グスタフどのは携えた革鞄から銀の水盆を取り出し、卓の端へ静かに据えた。
「殿は茶を嗜まれません。――今は」
準備の悩みの答え合わせが、一言で済んでしまった。
「ノルトヴァルト家当主、ヴィルヘルムである。息女セシリア嬢との婚約を前提に、正式なお付き合いを願いたく、参上した」
「は、はい。恐悦、至極……」
父の声が裏返る。無理もない。喋る犬が応接間で完璧な口上を述べているのである。
そこへ、母が入ってきた。
「まあ」
母は黒犬を一目見て、頬に手を当てた。
「まあ、まあ、まあ。なんてご立派な」
「妻のコーデリアです。あの、これは公爵様で」
「存じておりますとも。――公爵様、不躾をお許しくださいませ。触れても?」
娘と同じことを聞く母である。嫁入り前、猟犬七頭と育った人なのだ。
「……よい」
五分後、公爵様は母の手により、耳の後ろから首筋、背中の順で、玄人の手つきで撫でられていた。目が細い。北の威厳が、うっすら蕩けている。
母の手際を眺めるうち、わたしの手のひらの奥が、また勝手に懐かしがり始める。毛並みを撫でると心はもふもふの世界に包まれるのだ。撫でたい――――。

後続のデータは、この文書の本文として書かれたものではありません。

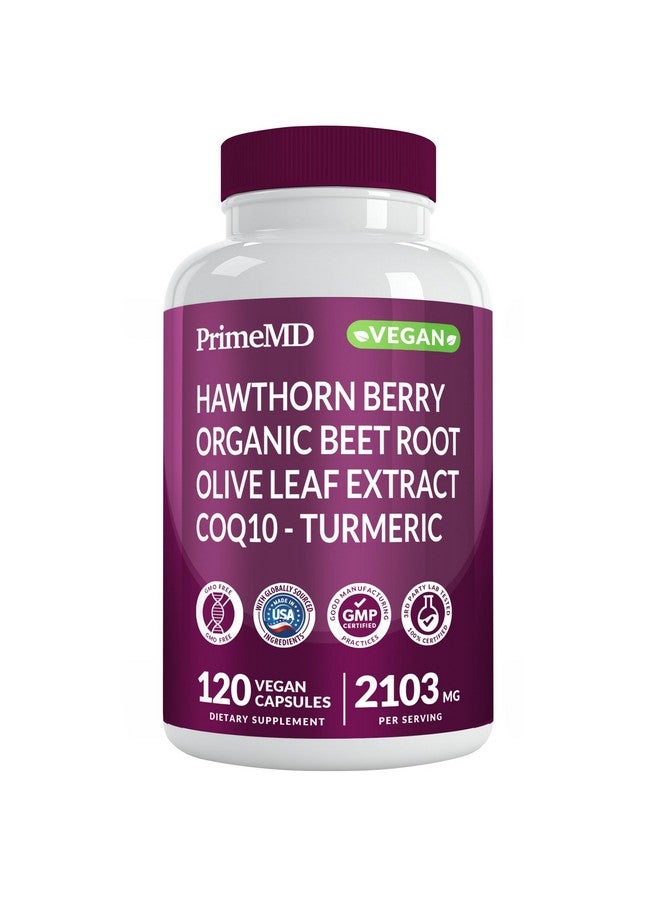 PrimeMD 26-in-1 Nitric Oxide Supplement - Heart & Circulation Support with CoQ10, Turmeric, Organic Beet Root, Hawthorn Berry & Garlic - 2103mg per Serving (120ct) - Image 1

「毛艶のよろしいこと。お食事は? 湯浴みは? 冬毛のお手入れはどなたが?」
「奥方様。恐れながら、殿はただいま、それどころでは」
グスタフどのが慇懃に割って入り、母は渋々手を引く。そのとき――解放の喜びか、公爵様の尻尾が、ぶん、とひと振りされ――――花瓶が、飛んだ。
陶器の砕ける音が、応接間に響き渡る。
「…………弁償する」
「お気になさらず」
母が先に言った。
「あれは頂き物で、二十年、捨てる口実を探しておりましたの」
「むしろ、お手柄です」
わたしも保証した。昼の光の中、絨毯の上の破片がきらきらして、当の壺の柄より、よほど綺麗である。父だけが、割れた壺と公爵を交互に見て、胃を押さえている。

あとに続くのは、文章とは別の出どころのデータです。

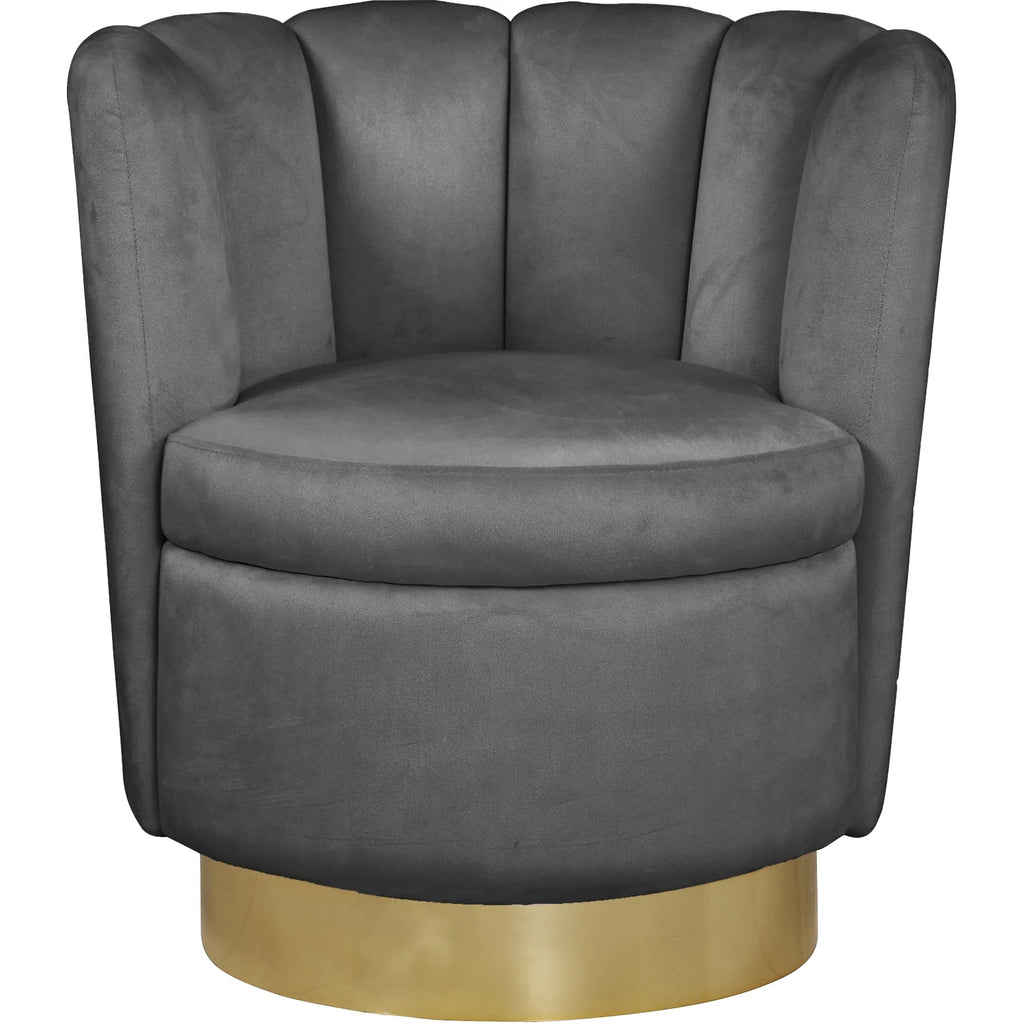 Velvet Upholstered Accent Chair with Gold Steel Swivel Base Y314751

「し、しかし、よろしいのか、お前……その、犬様とのご婚儀など、せ、世間が」
「あなた」
母が扇を、ぱちりと閉じた。
「世間は、あなたの上司ではありませんよ」
父は、それきり黙った。この家の力関係である。
お帰りの刻。気がつけばわたしは、侍女より先に立って、門までの十歩をお送りしていた。見送りたい、と思ったのである。理由を探しかけて、やめた。理由のない行動というものを、わたしはずいぶん久しぶりにしている。
昼下がりの光が、黒い毛並みの縁を銅色に染めていた。門の石柱の陰は涼しく、秋の蔦が一枚だけ色づき始めている。
「明朝も、いらっしゃいますか?」
「約束した」
公爵様は、当然のように言う。
「北では、約束は雪より重い」
「重うございますね、雪」
「ああ。……人が死ぬ重さだ」
声の温度が、一度だけ下がった。その意味を聞く資格は、まだわたしにはない気がした――。
立ち去りかけた黒い巨躯が、ふと足を止める。
「それと。御父上に」
「父に?」
「胃の薬を、北から送らせる。雪山の薬草のものだ。よく効く」
「……本日いちばんの、贈り物かと存じます」
尻尾が、ひと振りだけ揺れた。今日は、風ということにして差し上げる。
夜。父が青い顔で書斎から出てきた。ギルモア家が社交界に触れを回している、という。曰く――破棄の非は、アシュフォード側にあり。
わたしは驚かない。ただ、日付と文言を、正確に覚えておくことにした。数えるのは、得意なのである。